Researchers at LSTM have been involved in the publication of a new supplement looking at the role of gender analyses in strengthening health systems.
The papers, which have been brought together as a supplement in the journal Health Policy and Planning, examine gender across a range of health policy and systems contexts and show how gender intersects with the other axes of inequity. Gender shapes experiences of health and health seeking within households, communities and health systems, making it imperative that there is a change in researcher mindset and more investment in capacity of development interventions in this field.
LSTM’s Professor Sally Theobald has been involved in some of the papers and is an author on the editorial that accompanies them. She said: “Evidence shows that health systems policy does not always pay adequate attention to gender and the resulting inequities can shape health experiences across a range of issues throughout a lifetime, impacting on the ability of the health system itself to respond. This supplement brings a gender lens to bear on health system research and as health researchers we need to do more, and take seriously a responsibility to promote the incorporation of gender analysis into our studies.”

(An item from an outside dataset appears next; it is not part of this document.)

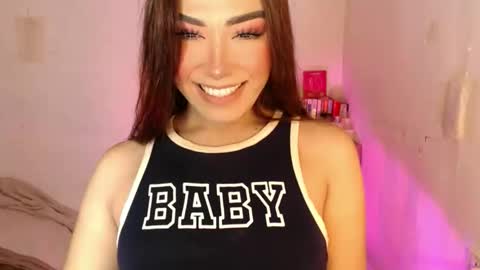 Snapshot of ts_romantika69 chatting on 29, 5, 2026 The Girl Named Romantika online show from 29, 5, 2026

The papers cover a range of health issues from access to services, governance, health financing, and human resources for health. They feature research carried out across Africa and beyond and show that health systems policy development does not always pay adequate attention to gender and Professor Theobald and her colleagues are calling for that to change. “Change requires an ‘all hands-on deck approach’.” Continued Professor Theobald. “We cannot claim to take a people centred approach to health systems if the status quo continues.”
The supplement has been spearheaded by Research in Gender and Ethics: Building Stronger Health Systems (RinGs), which is funded by the UK Department for International Development and is a partnership which brings together four research networks encompassing 23 institutions across 26 countries.